En realidad, ninguna de las dos leyes mencionadas debe ser dirigida a favorecer sólo a un sector del empresariado turístico. La ley tiene que ser pareja, sin perjuicio de que con el fin de atraer inversiones de gran cuantía —que son las únicas que pueden desarrollar de manera consistente la infraestructura turística en Nicaragua—, hay que ofrecer a los grandes inversionistas los incentivos apropiados para que se decidan operar en este país, que es tan rico en potencial y oportunidades, pero también abundante en corrupción e incertidumbre.

A los izquierdistas y populistas sus prejuicios anticapitalistas no les permiten ver más allá de la economía chiquita y la informal, detestan el negocio en grande y consideran que sólo se debe incentivar a las pequeñas empresas de turismo.

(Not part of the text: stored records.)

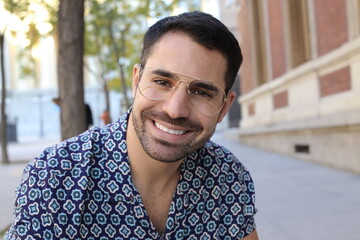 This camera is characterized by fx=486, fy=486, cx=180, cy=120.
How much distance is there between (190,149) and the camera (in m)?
1.80

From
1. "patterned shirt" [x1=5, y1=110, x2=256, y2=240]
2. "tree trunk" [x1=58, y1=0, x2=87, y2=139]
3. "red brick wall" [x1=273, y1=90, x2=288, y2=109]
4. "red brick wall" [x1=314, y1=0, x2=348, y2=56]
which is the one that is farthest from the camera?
"red brick wall" [x1=273, y1=90, x2=288, y2=109]

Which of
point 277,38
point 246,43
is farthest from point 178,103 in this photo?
point 246,43

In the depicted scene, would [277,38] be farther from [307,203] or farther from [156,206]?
[156,206]

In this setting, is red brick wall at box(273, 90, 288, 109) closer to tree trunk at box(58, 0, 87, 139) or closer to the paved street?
the paved street

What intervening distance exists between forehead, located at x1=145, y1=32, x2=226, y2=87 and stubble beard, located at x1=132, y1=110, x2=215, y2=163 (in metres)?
0.17

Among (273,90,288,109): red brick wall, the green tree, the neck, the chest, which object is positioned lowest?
the chest

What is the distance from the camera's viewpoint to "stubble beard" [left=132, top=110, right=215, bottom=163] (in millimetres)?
1763

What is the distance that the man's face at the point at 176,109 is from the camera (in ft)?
5.64

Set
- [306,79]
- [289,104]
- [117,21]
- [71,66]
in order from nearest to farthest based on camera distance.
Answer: [71,66] < [306,79] < [289,104] < [117,21]

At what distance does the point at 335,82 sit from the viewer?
920cm

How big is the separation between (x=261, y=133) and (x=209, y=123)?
43.9ft

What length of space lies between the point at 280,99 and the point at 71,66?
7865 mm

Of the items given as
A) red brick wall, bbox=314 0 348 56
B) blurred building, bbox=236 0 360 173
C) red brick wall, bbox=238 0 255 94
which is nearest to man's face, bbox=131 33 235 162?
blurred building, bbox=236 0 360 173

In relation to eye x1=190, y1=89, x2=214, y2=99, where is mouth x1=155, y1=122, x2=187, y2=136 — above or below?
below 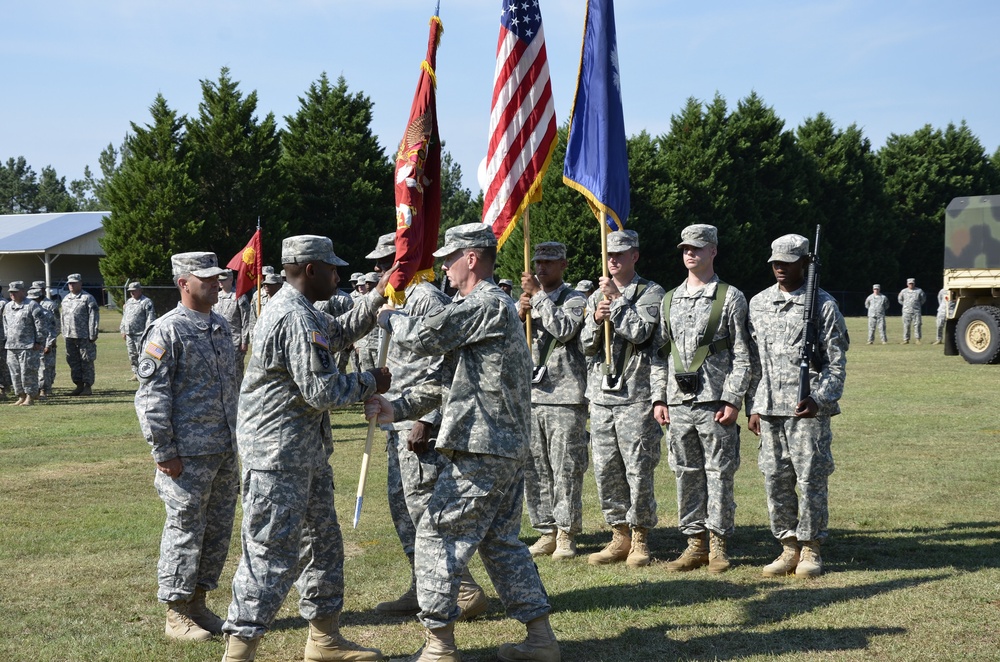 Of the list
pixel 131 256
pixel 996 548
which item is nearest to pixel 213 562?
pixel 996 548

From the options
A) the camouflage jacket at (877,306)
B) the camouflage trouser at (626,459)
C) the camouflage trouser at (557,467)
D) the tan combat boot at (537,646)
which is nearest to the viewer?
the tan combat boot at (537,646)

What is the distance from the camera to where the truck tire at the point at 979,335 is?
80.1ft

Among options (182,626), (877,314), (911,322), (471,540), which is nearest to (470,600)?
(471,540)

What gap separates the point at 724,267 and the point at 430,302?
47.5m

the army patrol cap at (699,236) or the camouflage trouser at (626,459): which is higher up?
the army patrol cap at (699,236)

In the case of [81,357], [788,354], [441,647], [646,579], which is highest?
[788,354]

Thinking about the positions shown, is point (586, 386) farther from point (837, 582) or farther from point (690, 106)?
point (690, 106)

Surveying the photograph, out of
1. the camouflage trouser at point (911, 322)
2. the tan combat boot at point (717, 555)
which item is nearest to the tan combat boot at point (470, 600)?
the tan combat boot at point (717, 555)

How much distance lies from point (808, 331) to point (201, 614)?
4.49 metres

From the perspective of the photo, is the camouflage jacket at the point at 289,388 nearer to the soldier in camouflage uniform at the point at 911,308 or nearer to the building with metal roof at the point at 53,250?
the soldier in camouflage uniform at the point at 911,308

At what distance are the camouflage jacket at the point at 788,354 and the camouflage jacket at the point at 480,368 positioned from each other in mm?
2642

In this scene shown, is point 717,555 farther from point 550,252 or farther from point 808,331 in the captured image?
point 550,252

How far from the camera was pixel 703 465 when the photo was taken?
742cm

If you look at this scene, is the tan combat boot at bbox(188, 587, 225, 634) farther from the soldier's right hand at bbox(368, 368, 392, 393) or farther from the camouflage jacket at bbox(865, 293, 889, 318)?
the camouflage jacket at bbox(865, 293, 889, 318) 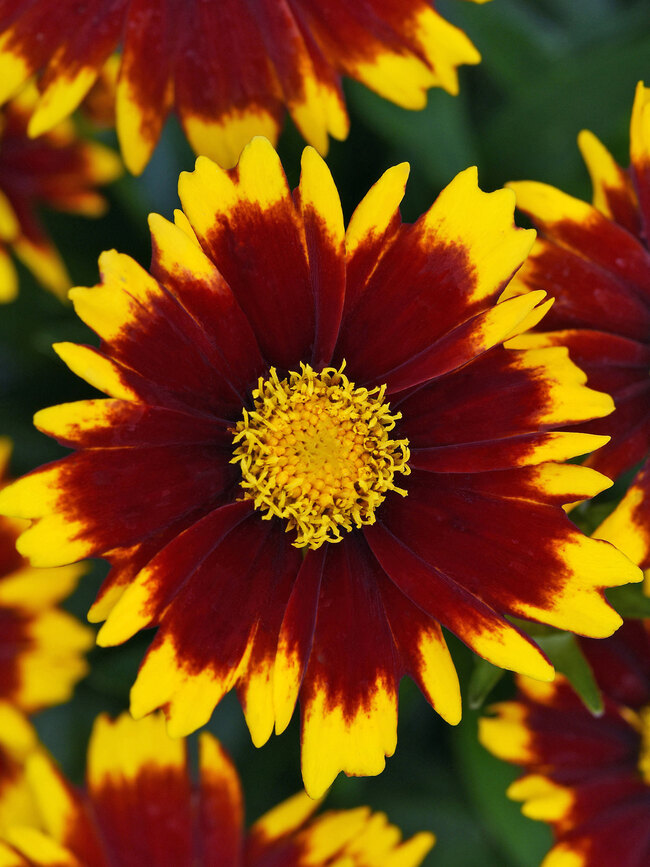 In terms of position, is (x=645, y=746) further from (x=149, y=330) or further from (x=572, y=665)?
(x=149, y=330)

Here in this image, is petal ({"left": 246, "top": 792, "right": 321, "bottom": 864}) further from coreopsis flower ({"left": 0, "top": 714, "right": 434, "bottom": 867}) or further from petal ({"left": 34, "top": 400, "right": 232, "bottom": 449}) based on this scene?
petal ({"left": 34, "top": 400, "right": 232, "bottom": 449})

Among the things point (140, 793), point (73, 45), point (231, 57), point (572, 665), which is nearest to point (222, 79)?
point (231, 57)

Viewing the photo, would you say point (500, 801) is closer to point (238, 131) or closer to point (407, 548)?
point (407, 548)

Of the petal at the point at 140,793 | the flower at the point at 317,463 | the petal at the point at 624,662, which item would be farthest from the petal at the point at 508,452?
the petal at the point at 140,793

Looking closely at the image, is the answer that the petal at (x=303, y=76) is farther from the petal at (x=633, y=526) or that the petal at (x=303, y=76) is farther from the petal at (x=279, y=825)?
the petal at (x=279, y=825)

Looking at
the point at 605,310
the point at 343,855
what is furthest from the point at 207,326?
the point at 343,855

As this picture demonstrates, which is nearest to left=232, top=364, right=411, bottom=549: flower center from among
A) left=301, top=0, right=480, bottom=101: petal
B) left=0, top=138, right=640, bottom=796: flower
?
left=0, top=138, right=640, bottom=796: flower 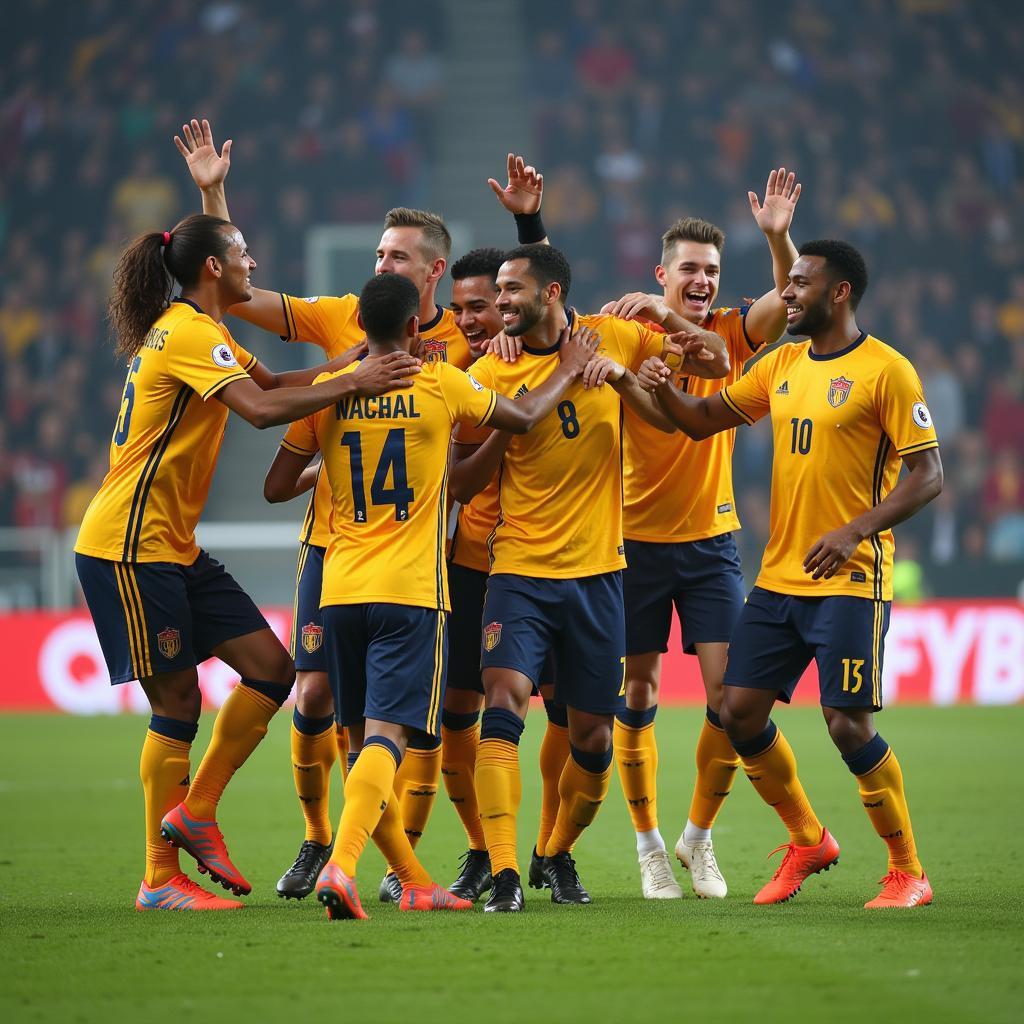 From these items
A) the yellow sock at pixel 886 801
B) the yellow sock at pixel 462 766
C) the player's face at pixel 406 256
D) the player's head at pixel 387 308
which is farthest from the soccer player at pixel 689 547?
the player's head at pixel 387 308

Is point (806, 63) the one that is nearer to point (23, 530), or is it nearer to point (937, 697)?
point (937, 697)

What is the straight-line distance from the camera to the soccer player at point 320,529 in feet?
19.3

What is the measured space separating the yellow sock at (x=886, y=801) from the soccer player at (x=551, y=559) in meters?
0.90

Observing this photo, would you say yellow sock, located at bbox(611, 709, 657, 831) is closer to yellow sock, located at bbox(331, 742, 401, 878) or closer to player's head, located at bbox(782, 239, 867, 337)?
yellow sock, located at bbox(331, 742, 401, 878)

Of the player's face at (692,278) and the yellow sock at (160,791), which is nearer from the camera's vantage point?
the yellow sock at (160,791)

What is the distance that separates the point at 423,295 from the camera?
6.48 m

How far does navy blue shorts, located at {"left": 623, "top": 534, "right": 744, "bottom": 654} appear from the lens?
21.2 feet

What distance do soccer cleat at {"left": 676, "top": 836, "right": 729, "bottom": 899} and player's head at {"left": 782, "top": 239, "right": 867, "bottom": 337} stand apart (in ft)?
6.74

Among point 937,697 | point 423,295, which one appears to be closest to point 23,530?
point 937,697

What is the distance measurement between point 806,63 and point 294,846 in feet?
59.1

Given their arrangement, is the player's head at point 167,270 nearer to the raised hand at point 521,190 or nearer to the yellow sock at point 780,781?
the raised hand at point 521,190

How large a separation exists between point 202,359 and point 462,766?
194 centimetres

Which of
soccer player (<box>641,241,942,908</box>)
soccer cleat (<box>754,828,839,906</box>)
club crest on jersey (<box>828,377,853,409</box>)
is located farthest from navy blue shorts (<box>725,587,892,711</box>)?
club crest on jersey (<box>828,377,853,409</box>)

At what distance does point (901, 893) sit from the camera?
18.1 feet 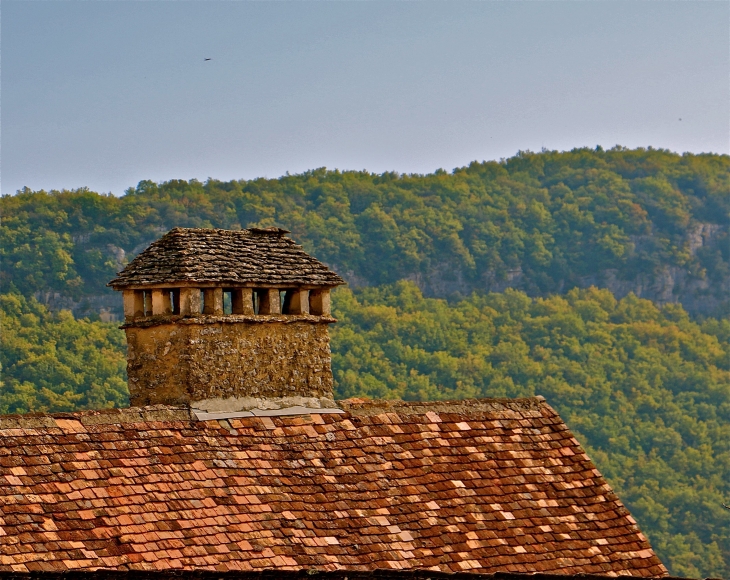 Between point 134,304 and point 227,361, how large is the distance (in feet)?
5.04

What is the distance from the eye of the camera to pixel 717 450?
302 ft

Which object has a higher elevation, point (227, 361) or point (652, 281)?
point (227, 361)

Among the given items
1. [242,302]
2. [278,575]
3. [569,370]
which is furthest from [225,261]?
[569,370]

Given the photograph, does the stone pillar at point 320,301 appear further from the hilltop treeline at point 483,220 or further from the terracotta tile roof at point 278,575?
the hilltop treeline at point 483,220

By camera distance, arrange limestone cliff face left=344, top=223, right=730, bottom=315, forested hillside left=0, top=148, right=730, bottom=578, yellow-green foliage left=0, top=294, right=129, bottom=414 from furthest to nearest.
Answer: limestone cliff face left=344, top=223, right=730, bottom=315
forested hillside left=0, top=148, right=730, bottom=578
yellow-green foliage left=0, top=294, right=129, bottom=414

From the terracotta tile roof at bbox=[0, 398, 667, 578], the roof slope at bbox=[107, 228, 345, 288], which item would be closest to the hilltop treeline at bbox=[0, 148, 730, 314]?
Answer: the roof slope at bbox=[107, 228, 345, 288]

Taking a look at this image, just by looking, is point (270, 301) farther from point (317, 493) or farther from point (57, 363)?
point (57, 363)

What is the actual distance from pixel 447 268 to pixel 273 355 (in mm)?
94740

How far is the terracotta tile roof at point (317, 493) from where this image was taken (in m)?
16.3

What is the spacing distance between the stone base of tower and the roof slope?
0.50m

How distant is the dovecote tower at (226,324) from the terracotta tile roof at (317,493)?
94 centimetres

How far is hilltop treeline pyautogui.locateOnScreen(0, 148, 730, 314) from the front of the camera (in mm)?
93500

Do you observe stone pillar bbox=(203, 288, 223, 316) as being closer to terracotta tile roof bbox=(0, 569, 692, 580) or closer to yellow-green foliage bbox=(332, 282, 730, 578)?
terracotta tile roof bbox=(0, 569, 692, 580)

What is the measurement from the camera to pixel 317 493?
18.1m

Y sin duda que es necesario incentivarlas. Pero también hay que pensar en objetivos mayores, en la necesidad de meter a Nicaragua en la competencia con otros países del área por la captación de los crecientes flujos de turismo que se mueven en dirección a esta parte del mundo, pero que llegan muy poco a Nicaragua por falta de infraestructuras y de capacidad de ofrecer el excelente servicio que requiere ese tipo de turistas.

Es una tontería creer que hay una larga fila de inversionistas haciendo fila, en espera de que se les haga el favor de permitirles colocar sus capitales y tecnología en Nicaragua. En un mundo globalizado y tan competitivo como es el de hoy, los inversionistas escogen con lupa los países donde van a instalarse. Más bien hay que convencerlos de que además de beneficioso para Nicaragua, es conveniente para ellos arriesgar su dinero en el negocio turístico de este país.

Por cierto que el impedimento fiscal es uno de los aspectos que más consideran los inversionistas cuando estudian la posibilidad de invertir en cualquier país, sobre todo cuando lo que desean es hacer inversiones cuantiosas y de largo plazo. Y precisamente este tipo de inversión es el que más conviene a Nicaragua, porque contribuye con mayor efectividad al crecimiento real de la economía nacional y a la generación de más empleo permanente, directo e indirecto, que es el verdadero camino que conduce hacia la reducción de la pobreza.

El turismo hace o puede hacer una gran contribución al alivio de la pobreza, a la conservación del patrimonio natural y cultural y al desarrollo sostenible. Según la Organización Mundial de Turismo (OMT), “en el mundo desarrollado los ingresos por turismo en relación con el resto de los servicios significan el 28 por ciento; en los países en desarrollo, el porcentaje aumenta a 44 por ciento, y en los menos desarrollados su importancia es contundente: 70.6 por ciento. Por otro lado, la importancia relativa del turismo en las exportaciones oscila entre el 8 y el 11 por ciento del total de mercaderías exportadas, lo que expresa la magnitud de su trascendencia”.

Sin embargo, este rico potencial de recursos y posibilidades se desaprovecha lastimosamente, cuando políticos populistas y resentidos sociales bloquean iniciativas como la Ley de Bonos de Turismo, la que de ser aprobada ayudaría notablemente a atraer las grandes inversiones que se necesitan para impulsar el crecimiento económico y el desarrollo social de Nicaragua.